A VM based on the (turing-complete!) Subleq one-instruction set computer implemented in JS and circom.
git clone https://github.com/lucasgleba/zkSubleq.git
cd zkSubleq
npm install
npx mocha # might take 30+ seconds
You will need circom and snarkjs to compile circuits and generate proofs. Check out the circom introduction.
Subleq?
Given three operands A, B, C
- sub: Set
Memory[B] -= Memory[A]
. - leq: If the new value is less than or equal to 0, set
ProgramCounter = C
. OtherwiseProgramCounter += 1
.
There is only one instruction, so no opcodes are needed. Other than the program counter (aka instruction pointer), there are no registers.
To make zk-SNARKs practical, the state of the machine is Merkleized; only the memory slots involved in a given step are passed as input signals.
// Circuit for one VM step I/O
// **** INPUT ****
signal input pcIn; // Program counter value
signal input aAddr; // A operand (address)
signal input bAddr; // B operand (address)
signal input cIn; // C operand (instruction index)
signal input aIn; // Memory[A]
signal input bIn; // Memory[B]
signal input mRoot0; // Memory subtree root
signal input sRoot0; // State tree root
// Merkle proof elements (paths are derived in the circuit)
signal input aAddrPathElements[mLevels]; // aAddr -> mRoot
signal input bAddrPathElements[mLevels]; // bAddr -> mRoot
signal input cInPathElements[mLevels]; // cIn -> mRoot
signal input aInPathElements[mLevels]; // AIn -> mRoot
signal input bInPathElements[mLevels]; // bIn/bOut -> mRoot
// **** OUTPUT ****
// Values after step execution
signal output pcOut; // Program counter value
signal output mRoot1; // Memory subtree root
signal output sRoot1; // State tree root
MEMORY
+-----------+---+-------+-------+-----+---+-------+---+-------+---+
| Address: | … | I+0 | I+1 | I+2 | … | aAddr | … | bAddr | … |
+-----------+---+-------+-------+-----+---+-------+---+-------+---+
| Value: | … | aAddr | bAddr | cIn | … | aIn | … | bIn | … |
+-----------+---+-------+-------+-----+---+-------+---+-------+---+
[_____________________]
instruction
(I=PC*3)
Instruction set too simple
Turing-complete, yes. But using this for real-life programs would be super slow. Given that most of the constraints in the circuit come from validating Merkle proofs, a more sophisticated instruction set would not cost much and would speed things up a lot. It would be good to make it easily transpilable/compilable from a popular ISA/intermediate representation.
One memory slot per signal
Every leaf node in the state tree corresponds to a register or memory slot so values can go as high as circom integers (2^253+), as opposed to conventional computers limited to 8-bit memory slots. It would be better to pack multiple smaller registers/slots into a single value to make the state tree more shallow. e.g., one instruction should correspond to one signal, not three.
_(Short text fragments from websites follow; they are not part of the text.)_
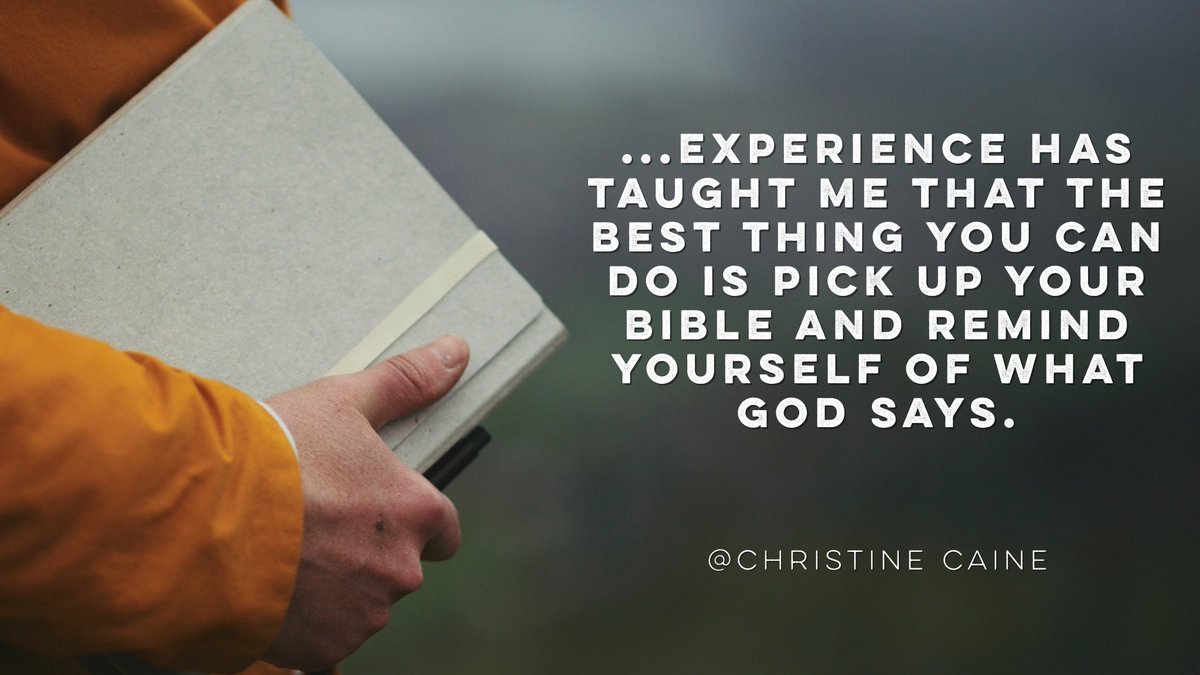 danielleMGsmith's tweet photo. ...experience has taught me that they best thing you can do is pick up your Bible and remind yourself of what God says. - @ChristineCaine https://t.co/DOVTnzcTTP
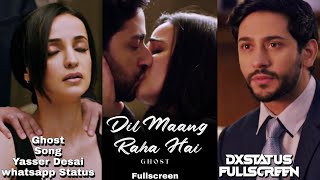 Dil Maang Raha Hai Song Fullscreen Whatsapp Status Ghost Sanaya Irani Shivam Bhaargava Love  Status Dil Maang Raha Hai Song Fullscreen Whatsapp Status Ghost Sanaya Irani Shivam Bhaargava Love  Status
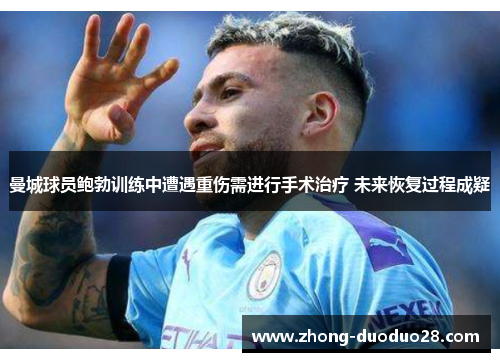 曼城球员鲍勃训练中遭遇重伤需进行手术治疗 未来恢复过程成疑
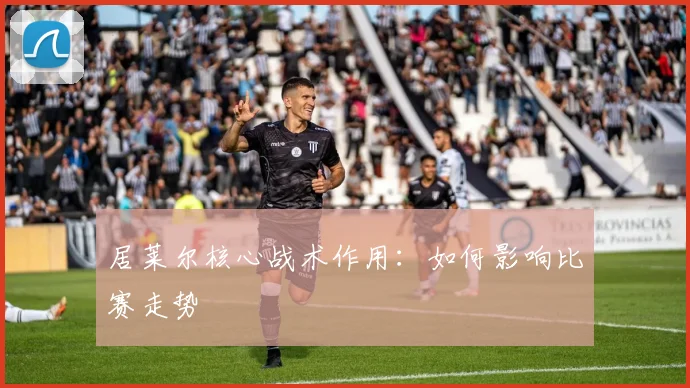 居莱尔核心战术作用:如何影响比赛走势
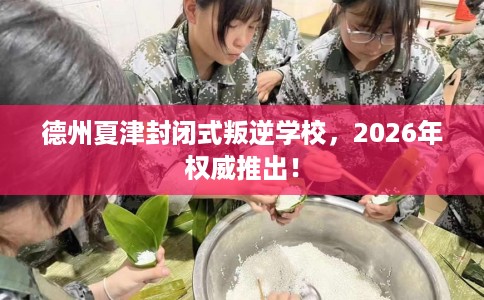 德州夏津封闭式叛逆学校，2026年权威推出！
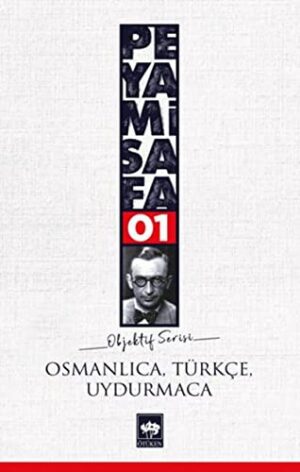 Osmanlıca, Türkçe, Uydurmaca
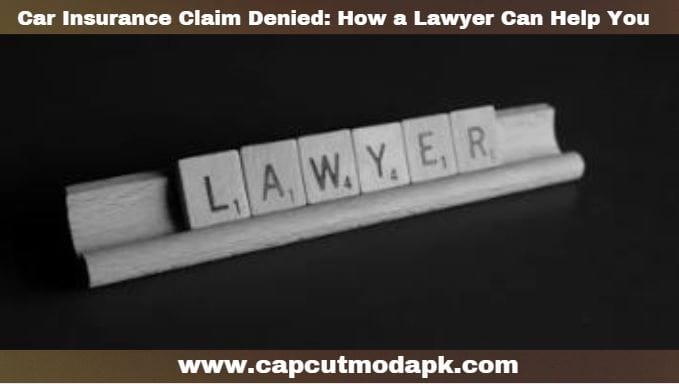 car insurance claim denied lawyer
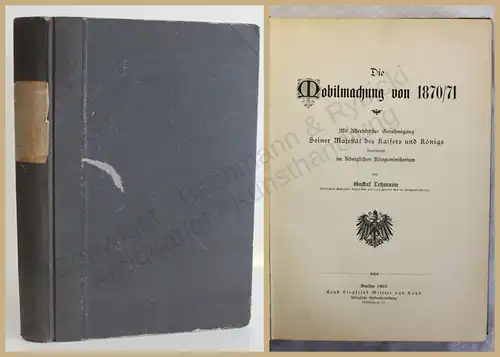 Lehmann Die Mobilmachung von 1870/71 1905 Geschichte Gesellschaft Politik xy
Two many long Merkle proofs to validate
The circuit validates 6 long Merkle proofs (memory slot -> memory root): aAddr, bAddr, cIn, aIn, bIn, bOut. A better machine would have a load-store architecture where most of the operations happen between registers (which would be in a much smaller subtree) and at most one memory slot is read from or written to every step (other than the instruction).
I'm making a VM implementing the improvements mentioned above based on a risc-v instruction set. I expect to be able to run transpiled real-world software for less than 75k constrains/step.
Update: I implemented a Risc-V CPU in circom. I can generate a somewhat efficient zk-Proof for a slice of execution of minimally transpiled rv32i binary.
Ping me on twitter if you want to learn more.
One can use more sophisticated zero-knowledge math to make a much more efficient (but complex) zkVM. Most of the efforts in this front are being made by teams working on EVM-compatible zero-knowledge rollups.